En mars 2018, le Dr Pelletier organisait la première Croisade pour la vie, quelques semaines après la mort de son fils, victime d’une surdose de fentanyl. Pour lui, l’événement est d’ailleurs une manière de vivre ce deuil.

«La meilleure façon que j’avais trouvée de soigner l’indescriptible blessure créée par la mort de mon fils, c’était de soigner les autres, explique-t-il. Pour moi, ça s’inscrit dans un processus de continuité, parce que soigner, c’est ce que j’ai fait toute ma vie comme médecin et comme artiste. Je suis simplement dans le prolongement de cette mission de vie. Sauf que maintenant, ça lui donne un sens plus prononcé.»

Les maladies que veut soigner le Dr Pelletier ne sont pas seulement celles qu’il a appris à reconnaître en faisant ses études de médecine. Dépendances, deuils et mal de vivre, qui peuvent d’ailleurs être reliés les unes aux autres, sont les maux abordés par les conférenciers qui se sont adressés aux participants de la Croisade pour la vie, qui étaient entre 80 et 90 au centre des congrès de l’hôtel Montfort.

Un autre médecin est venu appuyer la mission que s’est donnée Francis Pelletier: le Dr John Sader, dont la conférence portait sur le mal de vivre.

«Il a raconté que de 16 à 21 ans, tous les jours, il a songé à s’enlever la vie, explique le Dr Pelletier. Mais il a dit que le mal de vivre est quelque chose qui se soigne, se traite et se guérit. Maintenant qu’il a accédé à un certain bonheur, il aide les gens à entreprendre ce qu’il appelle une démarche vers le bonheur. C’est un beau message d’espoir par rapport au mal de vivre. Mais ça prend du courage, de la persévérance et de l’aide.»

Les participants étaient d’ailleurs eux aussi invités à partager leurs expériences et à échanger avec les conférenciers et conférencières, parmi qui comptaient également la comédienne Eliane Gagnon, la formatrice et conférencière Karine Leclerc, la thérapeute Mireille Magnée et l’enseignante et auteure Christiane Asselin. Ces échanges sont d’ailleurs ce qui manque cruellement dans notre société, estime le Dr Pelletier.

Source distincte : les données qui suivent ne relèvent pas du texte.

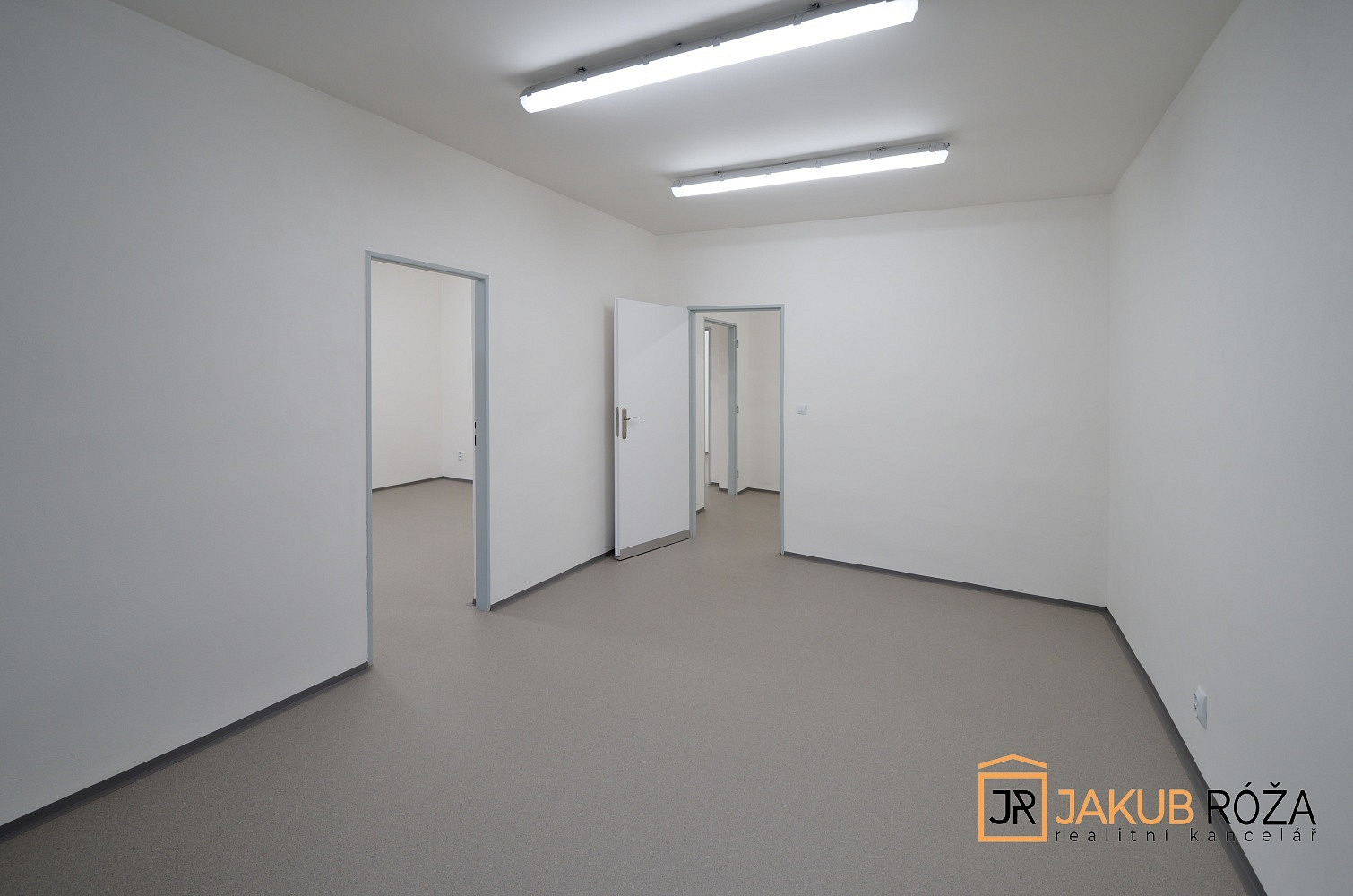 Pronájem kanceláře 206 m² – fotografie 5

«On vit dans une société où tout va tellement vite, on dirait qu’on a perdu l’écoute, déplore-t-il. On écrit, on texte, on critique sur Facebook, mais où sont les vrais échanges? On a perdu ce sens de l’écoute et du partage, et c’est un peu ce qu’on voulait retrouver ici, avec la Croisade.»

Ultimement, Francis Pelletier espère que l’événement permettra aux participants de s’outiller pour mieux faire face aux difficultés qu’ils vivent. Quant aux personnes qui accompagnent des personnes en difficulté, aux prises avec une dépendance, le mal de vivre, un deuil ou une perte, il souhaite qu’elles soient elles aussi mieux outillées pour offrir l’aide à ceux qui désirent s’en sortir, mais n’y arriveront pas seuls.

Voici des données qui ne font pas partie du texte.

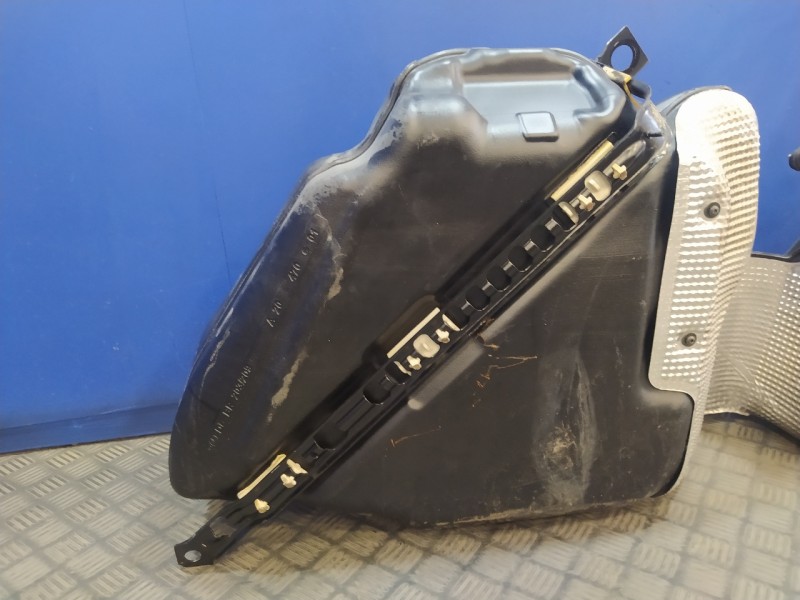 Recambio de deposito combustible para mercedes-benz clase c (w203) berlina 2.2 cdi cat referencia OEM IAM A2034707501  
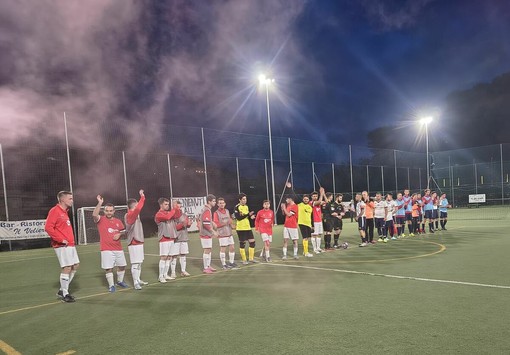 Le squadre schierate a centrocampo nella gara di andata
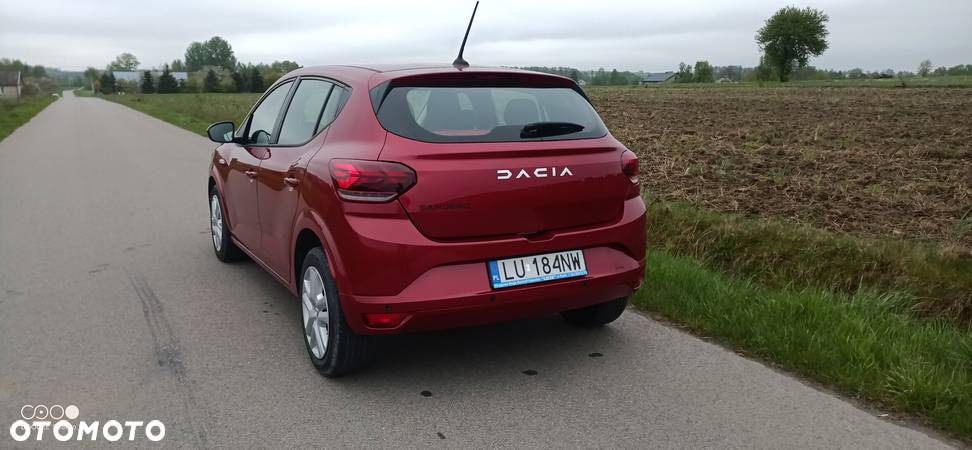 Dacia Sandero - 5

La journée se concluait par un souper agrémenté de chansons et de poésie avec un duo formé par Michel Aubé et Christiane Asselin, suivi par un spectacle offert par Simon Lacerte, chanteur trifluvien qui a pris part à la toute première édition de l’émission La Voix et qui a été aux prises avec un problème de dépendance.

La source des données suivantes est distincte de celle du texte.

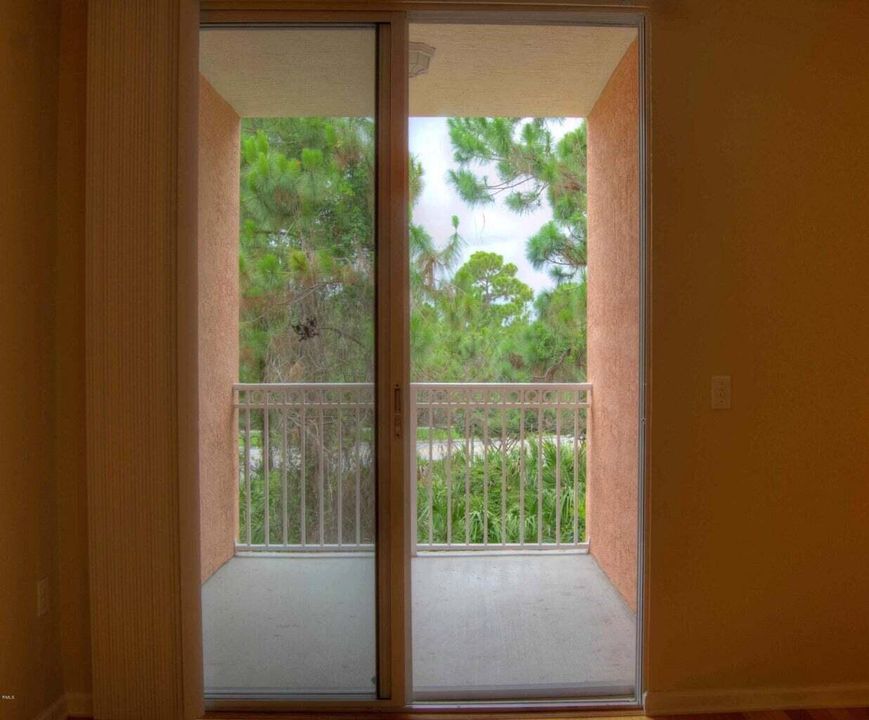 For Rent: $1,850 (1 beds, 1 baths, 604 Square Feet)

Le médecin terminera d’ailleurs en décembre sa carrière comme omnipraticien pour se consacrer entièrement à ce qu’il appelle sa «douce thérapie», les soins par les arts. «J’ai toujours soigné plus de gens avec les images et les mots qu’avec les pilules et les prescriptions et dans quelques mois, je vais pouvoir faire ça vraiment à temps plein, se réjouit-il. Je vais intensifier ma douce thérapie, de faire du bien avec du beau, parce qu’on a tellement besoin de ça.»

Une partie des profits de la Croisade pour la vie sera versée à Soberlab.ca, une plateforme numérique qui fait la promotion de la sobriété.